From Flagship to One-Off, From Classic Style to Exotic – Will Craft Beer Author Its Own Demise?

From Flagship to One-Off, From Classic Style to Exotic – Will Craft Beer Author Its Own Demise?

by Mark E. Lasbury for Indiana On Tap

Few people watch the craft beer news and social media more than I. Craft beer is a love of mine for sure, but it’s also how I keep informed so that every once in a while I might write something worth reading. There are endless threads, discussions, and pictures – some worth more than others – everything from what are you drinking to chug videos (that trend should be over by now), from serious talks about professional brewing and stuck sparges to home brewing systems and stuck fermentations.

It isn’t often, but sometimes the entire craft beer internet will pick up on a topic or a set of related topics, and many people will be talking about the same things at the same time. This very thing happened a couple of weeks ago, where a number of articles from the beer press seemed to be talking about similar things, and then craft beer fans of all ilks started to weigh in.

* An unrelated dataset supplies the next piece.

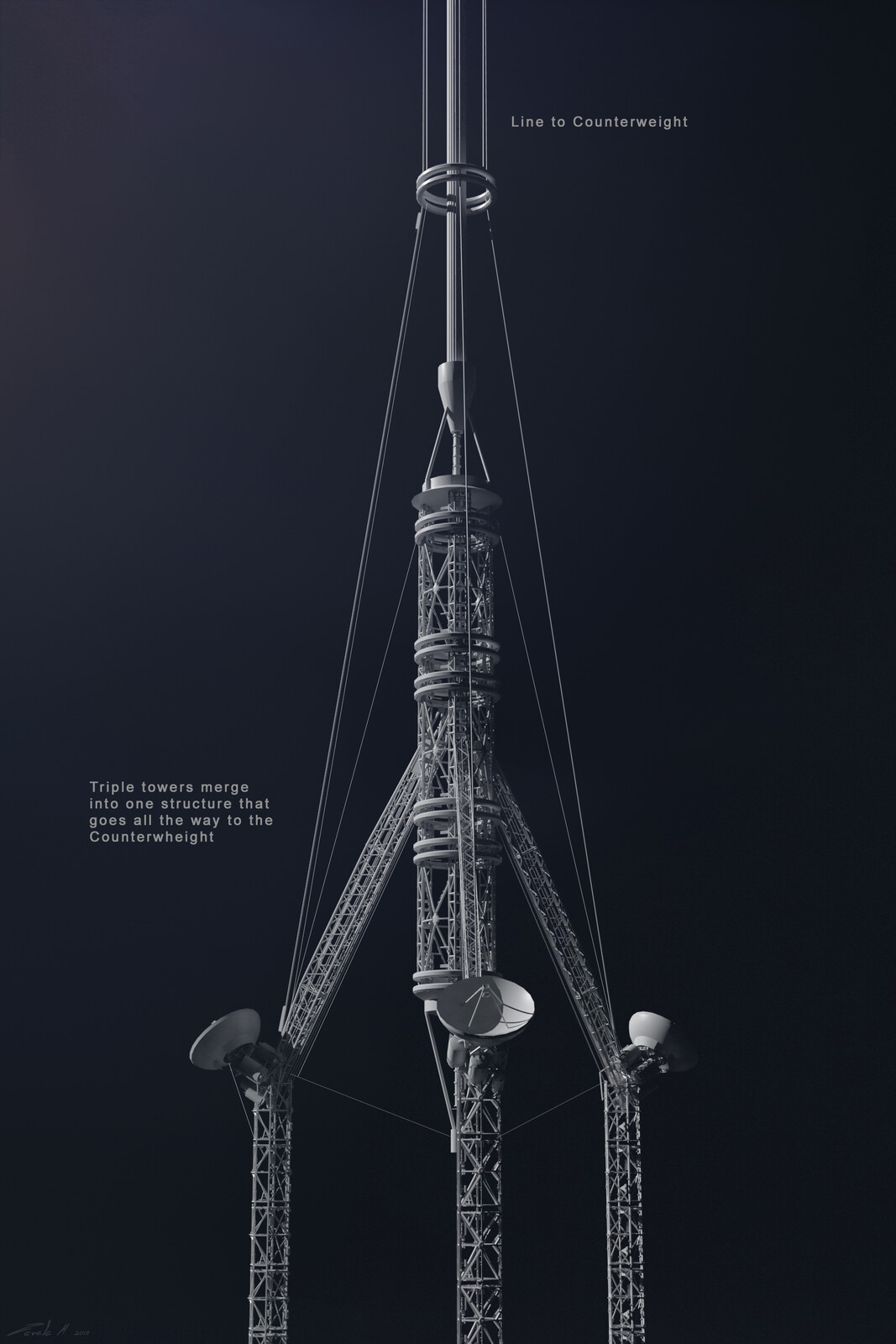 The space elevator was composed of three columns and part of the task was figuring out how to merge these into one that could then extend to a counterweight.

In this case, people were talking about the state of both flagship beers and exotic beers at craft breweries.

The articles from several craft beer outlets had titles that stressed different points, from “Is Craft Beer Burning Out,” to “Are You Drinking the Right Beers,” and “A New #Flagship February Campaign Aims to Save Core Beer Brands Before They Disappear.” Despite the varied titles, they were all really discussing the same thing – has innovation in craft beer outstripped demand for classic beers and classic styles. Each of the authors seemed to have a definite opinion, and they all fell on the same side – in favor of tradition.

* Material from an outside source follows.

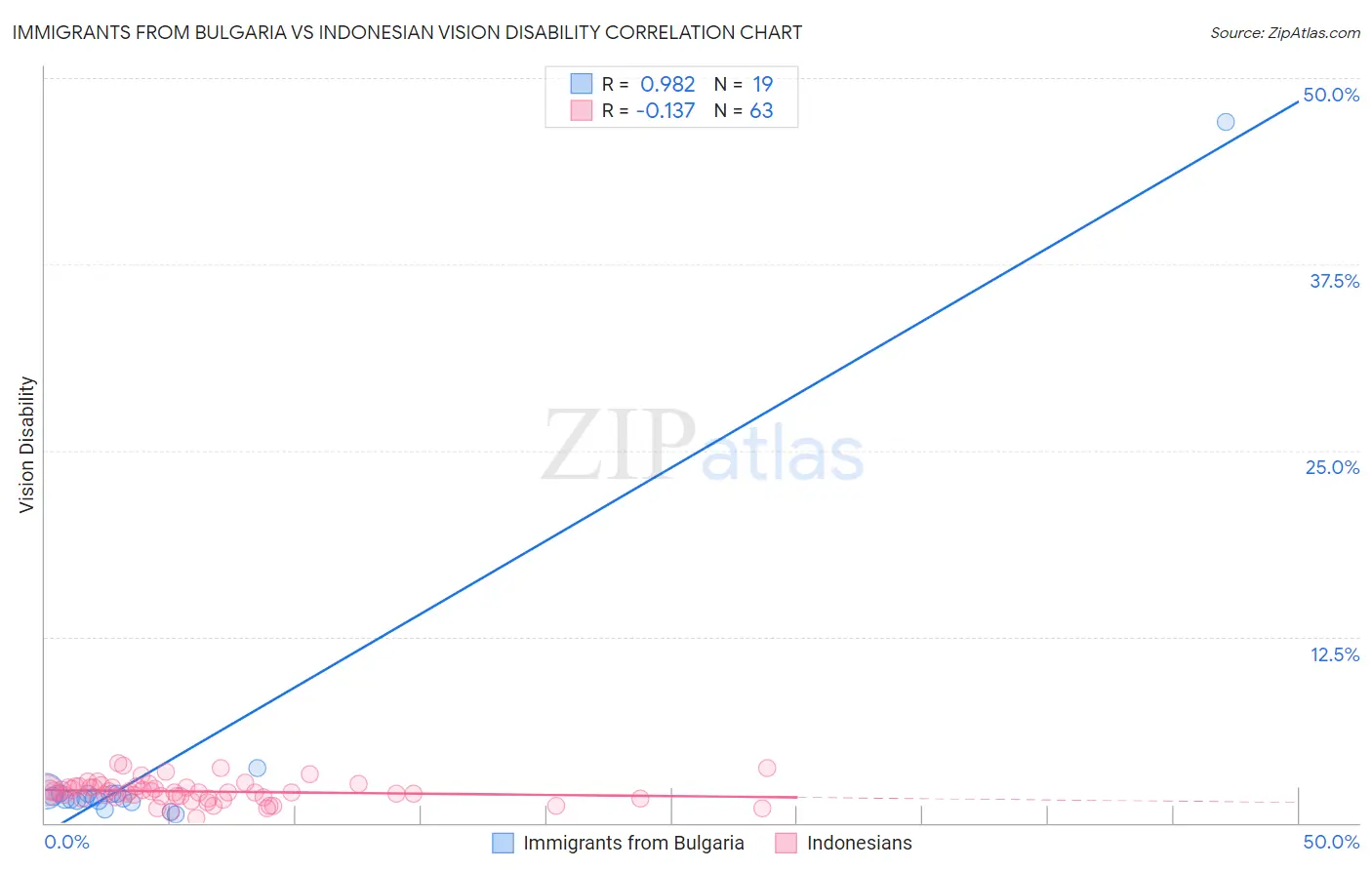 Immigrants from Bulgaria vs Indonesian Vision Disability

I will tell you up front that I don’t see anyone as evil here, or trying to hurt craft beer – even unconsciously. I see two continuums working in the world of craft beer, and they should be able to co-exist if craft beer fans recognize that not every brewery has the same model. One continuity we can call “North to South” and spans from breweries that brew only flagships/core beers to breweries that have an ever-changing tap list. The second issue could then be called “East to West” and spans from breweries/drinkers that support “to style” brewing to those breweries/drinkers that never saw an ingredient they didn’t want to add to a beer.

Sierra Nevada Pale Ale is perhaps the beer most responsible for the American craft beer movement, but sales have decreased significantly in the last two years. image credit: Sierra Nevada

As I said, these are continuums, so breweries or craft beer fans can be located anywhere from one poles to the other, or anywhere from Indonesia around to Kenya. Let’s take a look at each continuum, and see if meeting near the equator hanging out on the extremes is better for the health of craft beer. But regardless of our determination, it’s uncontestable that the drive toward more new styles and more new beers is having an effect on the industry.

North to South: Flagships to One-Offs. Most breweries these days don’t make just flagship beers, and few if any, breweries make only one-time beers. The products that helped grow craft beer (Sierra Nevada’s Pale Ale, Sam Adam’s Boston Lager, Allagash White, etc.) have struggled lately, and this has partly driven, and partly been driven by, the drinkers desire for new beers. In this way, the North-South and East-West are very much related.

Newer breweries do fewer core beers unless they have a specific niche, and the core beers they do make are less likely to be classic styles. For example, no one would have considered having an Imperial IPA as a flagship beer, but now many breweries depend on a DIPA for a significant percentage of their sales.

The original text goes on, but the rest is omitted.